Saturday, October 14, 2006

America ventures into India

America ventures into India
by Andrea Orr
Updated 06:29 PM EST, Oct-12-2006
The Deal.com


'India's Silicon Valley' is the common label for that country's burgeoning high-tech industry, but American venture capitalists often forget that investing in Bangalore is not the same as investing in San Jose, Calif.

During the Investing in India conference hosted by International Business Forum in San Francisco this week, venture capitalists described India as a market full of promising young Internet and wireless technologies that often lacks the physical infrastructure and the management expertise needed to turn a good concept into a sound business.

As a culture that has traditionally put a high premium on education but focused primarily on educating engineers, India now finds itself with a severe shortage of business-minded middle managers, they said.

Sumant Mandal, managing director of Clearstone Venture Partners, described it as a 'scarcity of middle management,' while Kleiner Perkins Caufield & Byers partner Ajit Nazre said that Indian startups often had the wherewithal to write the code to make an Internet service work, but not the skills to package that service and sell it to consumers.

'A big problem for consumer-focused Internet companies is that they don't have good product managers,' Nazre said.

While U.S. investors needed to be mindful of this shortcoming, Nazre said it also presents an opportunity.

'Training is an area where a lot of investment can go,' he said. 'A company like Infosys [Technologies Ltd.] hires 25,000 people in a year and has to ask how does it train all of those people.

'That is just one company in one sector,' Nazre adds. 'Multiply that by all the companies in all the different industries that are hiring.'

The panelists pointed to several common mistakes made by U.S. venture capitalists, including: installing Western managers instead of nurturing those within the country; failing to educate Indian managers in the Western style of corporate democracy; and presuming young Indian managers can be gotten cheaply.

Mandal said salaries for talented middle managers in India are rising quickly and workers increasingly are expecting stock-option packages.

Despite the temptations of importing U.S. executives with M.B.As to India, VCs with experience in the country described that strategy as problematic, even if the person in question is an Indian citizen returning after a few years abroad.

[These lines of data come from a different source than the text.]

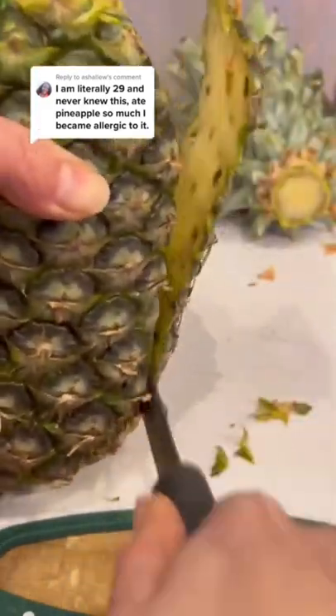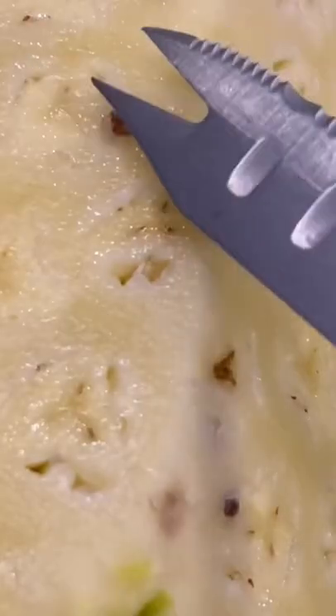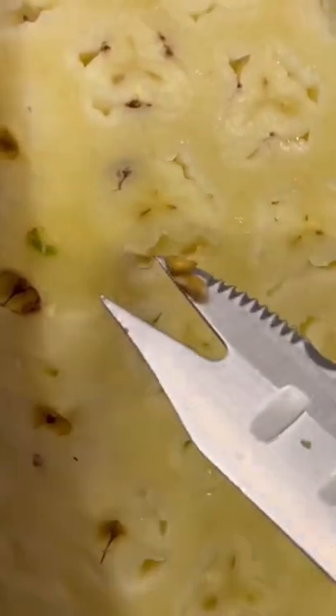Did you know pineapples have seeds? They're found right underneath the rind, the peel of the fruit, and you can take the seeds and grow them into your own little pineapple plant. Unless it's a trademarked pineapple like the pink ones, then you for sure can't grow them.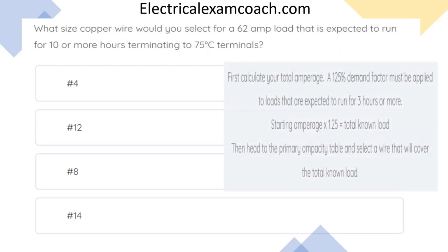When calculating your total amperage, you must apply a 125% demand factor for all loads that are expected to run for three or more hours. You take your starting amperage multiplied by 1.25, and that equals your total known load. Then you head to your primary ampacity table and find a wire that will cover the total known load.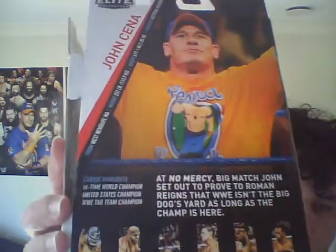Oh yeah, look at that in the back — I didn't even notice this. Sixteen time world champion. It's amazing seeing that.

The business culture within India is evolving so rapidly, said Mandal, that he often preferred hiring novice workers within the country, who showed potential, to importing more experienced managers.

Foreign VCs too often view India's investment opportunities as analogous to those in Silicon Valley and overlook the diversity of opportunities in all industries, which include physical infrastructure, real estate, retail, textiles and automobiles, the panelists said.

Data from the Delhi research group Evalueserve Inc. shows that private equity investing in information technology has fallen as a percentage of overall deals — to 23.18% in the first half of 2006, from 49.1% in 2003 and 65.5% in 2000. The biggest increase was in the manufacturing sector, which comprised 10.3% of all investments in the first half of this year, up from just 1.8% in 2003.

Canaan Partners, which was an early investor in the U.S. online dating service Match.com LP eight years ago, recently sought a similar investment in India and discovered major differences in the culture as well as the physical infrastructure.

Canaan found the equivalent to an online dating site in India was an online matrimonial site, a high-tech version to the matchmakers who have long arranged marriages in the country.

But after it invested in the BharatMatrimony.com Pvt. Ltd. earlier this year, it realized that it had to do more just to get the average Indian in front of a computer terminal.

'The infrastructure is very simple,' said Deepak Kamra, a general partner at Canaan. 'A room with three cubicles with computer terminals.

'We realized that as much as the Indian people need education and wireless access, they need love and marriage first,' he added.